**Material for this task**
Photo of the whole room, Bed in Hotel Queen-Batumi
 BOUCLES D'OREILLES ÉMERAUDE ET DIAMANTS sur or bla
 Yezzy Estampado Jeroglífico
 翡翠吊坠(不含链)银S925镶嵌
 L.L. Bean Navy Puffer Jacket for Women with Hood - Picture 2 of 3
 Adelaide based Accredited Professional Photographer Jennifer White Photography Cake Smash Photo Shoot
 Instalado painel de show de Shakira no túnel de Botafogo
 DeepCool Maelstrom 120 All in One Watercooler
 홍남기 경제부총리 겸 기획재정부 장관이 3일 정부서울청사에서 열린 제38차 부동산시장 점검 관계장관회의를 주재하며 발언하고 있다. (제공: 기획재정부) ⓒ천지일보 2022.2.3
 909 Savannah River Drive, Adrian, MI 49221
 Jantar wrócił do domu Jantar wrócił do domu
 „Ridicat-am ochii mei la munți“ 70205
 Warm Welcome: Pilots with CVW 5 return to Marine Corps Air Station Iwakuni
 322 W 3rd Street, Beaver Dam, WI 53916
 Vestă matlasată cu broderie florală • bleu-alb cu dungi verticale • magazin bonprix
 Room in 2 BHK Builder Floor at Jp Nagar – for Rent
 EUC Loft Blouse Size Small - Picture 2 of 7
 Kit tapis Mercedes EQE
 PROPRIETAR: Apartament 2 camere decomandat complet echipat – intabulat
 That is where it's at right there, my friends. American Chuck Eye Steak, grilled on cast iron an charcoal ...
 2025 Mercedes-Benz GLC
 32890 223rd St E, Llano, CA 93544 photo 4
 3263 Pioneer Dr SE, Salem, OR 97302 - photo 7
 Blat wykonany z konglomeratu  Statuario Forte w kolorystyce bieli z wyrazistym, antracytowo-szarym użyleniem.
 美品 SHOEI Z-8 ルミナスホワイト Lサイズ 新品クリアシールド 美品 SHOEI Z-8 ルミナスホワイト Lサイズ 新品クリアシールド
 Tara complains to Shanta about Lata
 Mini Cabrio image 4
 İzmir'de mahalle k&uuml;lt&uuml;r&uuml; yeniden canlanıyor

**Your task**
Nothing but a number should be given: the count of lines in the records that contain the word "Mercedes".

**Solution below**
2